#### Requirement:
Among the entries below, the lines from the one with "To start, open" up to and including the one with "For the script" are to be restated exactly, without pictures.

#### Available data:
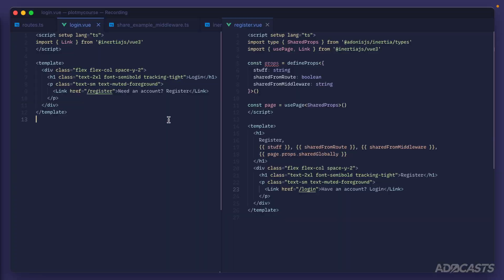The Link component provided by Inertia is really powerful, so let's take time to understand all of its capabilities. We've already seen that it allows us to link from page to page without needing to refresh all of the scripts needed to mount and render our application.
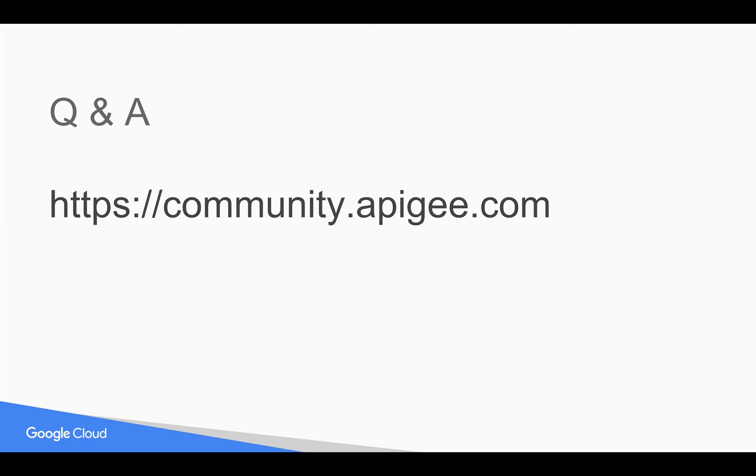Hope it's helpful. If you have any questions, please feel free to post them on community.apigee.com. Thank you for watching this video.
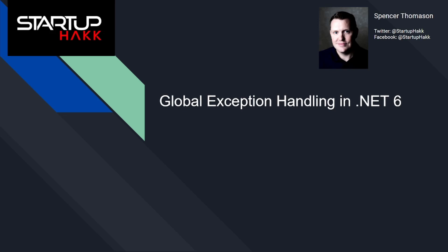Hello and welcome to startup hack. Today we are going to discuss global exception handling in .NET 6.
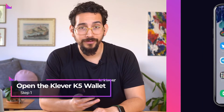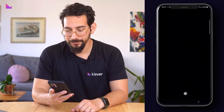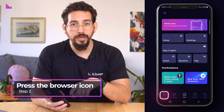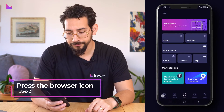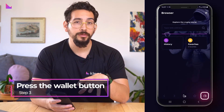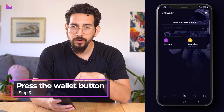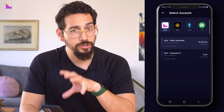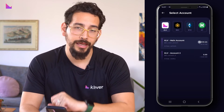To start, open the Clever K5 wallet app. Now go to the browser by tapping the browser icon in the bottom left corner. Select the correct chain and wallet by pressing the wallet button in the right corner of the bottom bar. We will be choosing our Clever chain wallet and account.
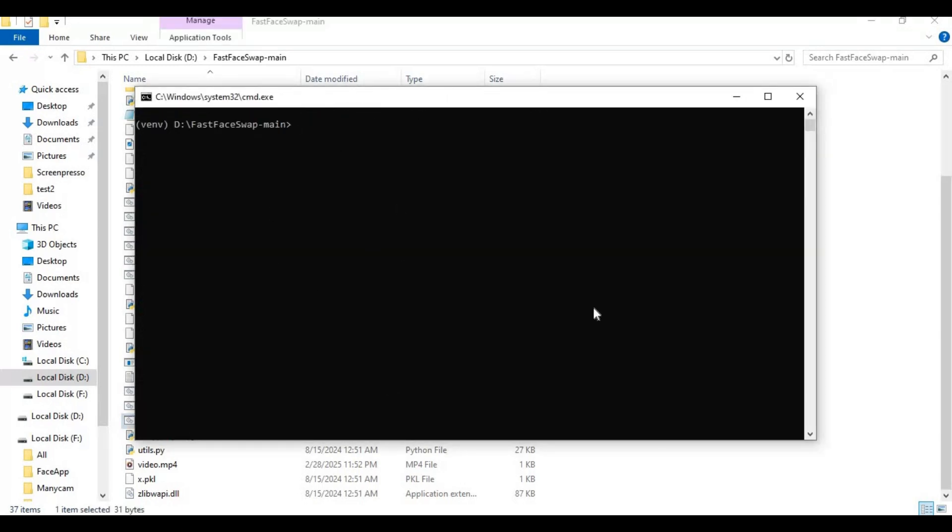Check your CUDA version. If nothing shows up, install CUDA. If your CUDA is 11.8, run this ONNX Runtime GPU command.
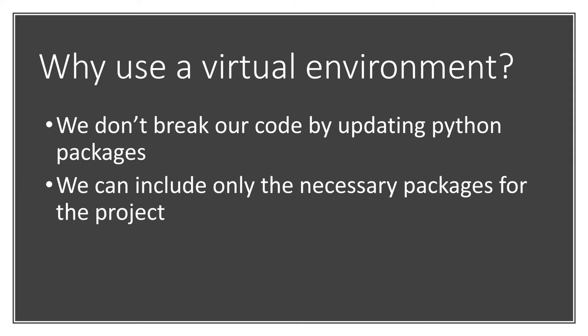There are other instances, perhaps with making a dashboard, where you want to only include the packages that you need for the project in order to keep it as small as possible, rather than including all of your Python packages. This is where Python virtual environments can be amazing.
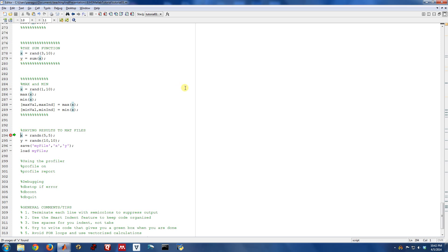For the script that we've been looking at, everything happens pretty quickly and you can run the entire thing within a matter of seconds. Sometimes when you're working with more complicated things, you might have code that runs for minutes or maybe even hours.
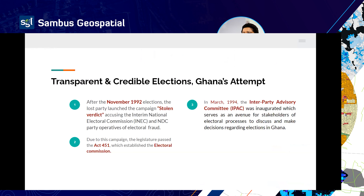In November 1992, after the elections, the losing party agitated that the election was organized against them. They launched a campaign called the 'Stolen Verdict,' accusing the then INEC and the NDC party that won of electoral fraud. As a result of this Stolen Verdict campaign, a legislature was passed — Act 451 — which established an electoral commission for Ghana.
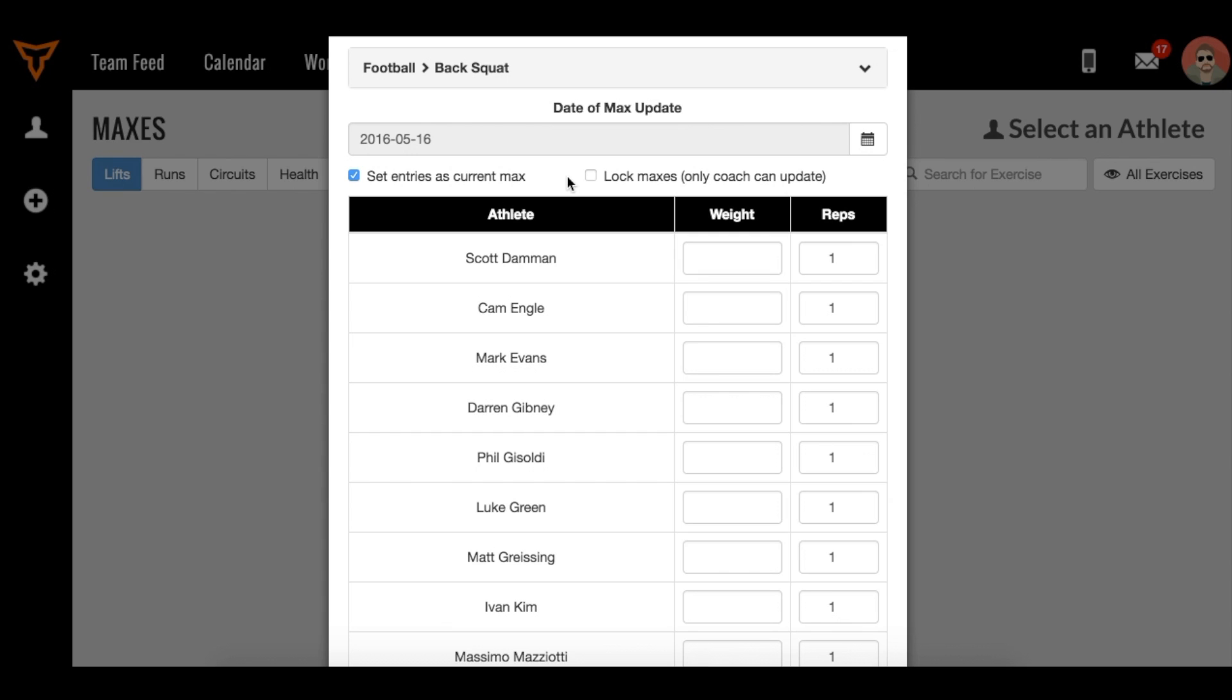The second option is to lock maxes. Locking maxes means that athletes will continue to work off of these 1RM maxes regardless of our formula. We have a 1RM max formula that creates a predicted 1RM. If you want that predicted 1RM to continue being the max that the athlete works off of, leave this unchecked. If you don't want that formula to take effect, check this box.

...

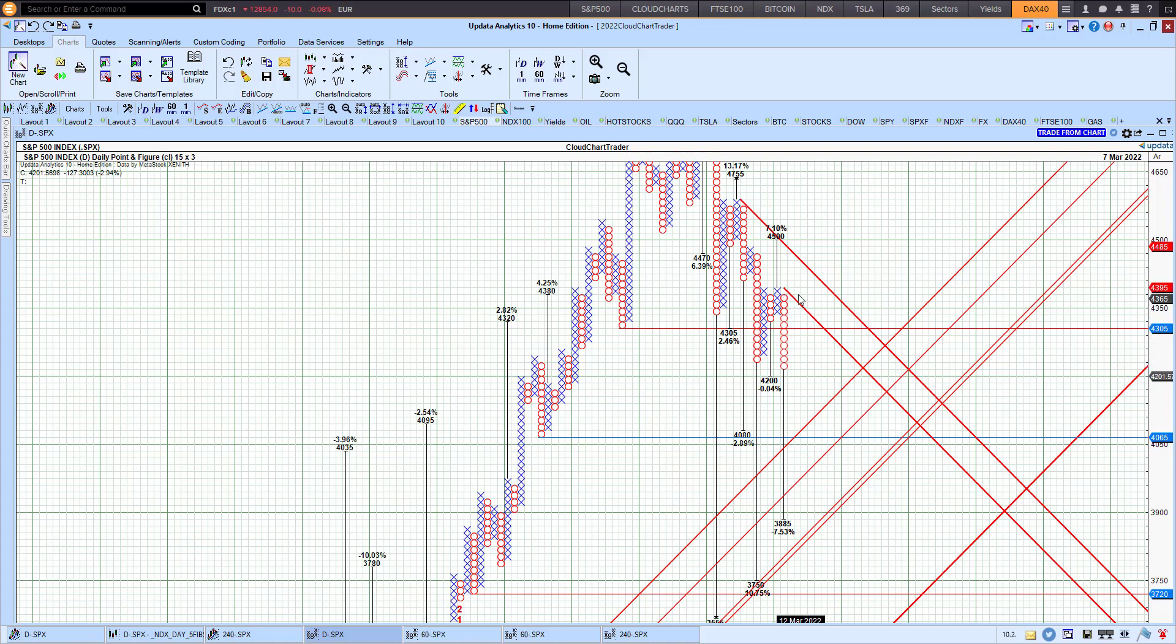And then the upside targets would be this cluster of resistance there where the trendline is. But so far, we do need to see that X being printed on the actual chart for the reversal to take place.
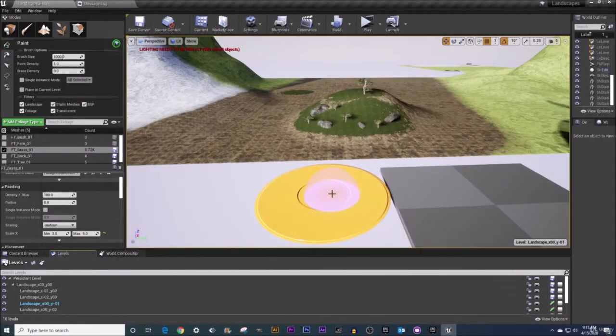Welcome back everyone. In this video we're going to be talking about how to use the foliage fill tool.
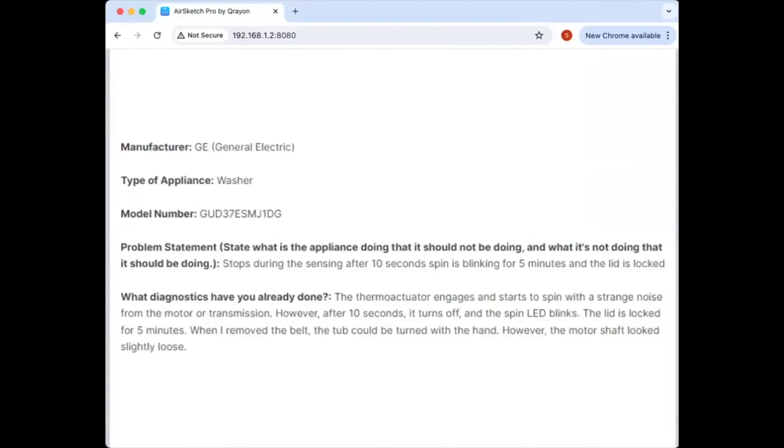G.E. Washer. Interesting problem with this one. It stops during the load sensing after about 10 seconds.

#### Answer box:
To start, open the Clever K5 wallet app. Now go to the browser by tapping the browser icon in the bottom left corner. Select the correct chain and wallet by pressing the wallet button in the right corner of the bottom bar. We will be choosing our Clever chain wallet and account.
Check your CUDA version. If nothing shows up, install CUDA. If your CUDA is 11.8, run this ONNX Runtime GPU command.
There are other instances, perhaps with making a dashboard, where you want to only include the packages that you need for the project in order to keep it as small as possible, rather than including all of your Python packages. This is where Python virtual environments can be amazing.
For the script that we've been looking at, everything happens pretty quickly and you can run the entire thing within a matter of seconds. Sometimes when you're working with more complicated things, you might have code that runs for minutes or maybe even hours.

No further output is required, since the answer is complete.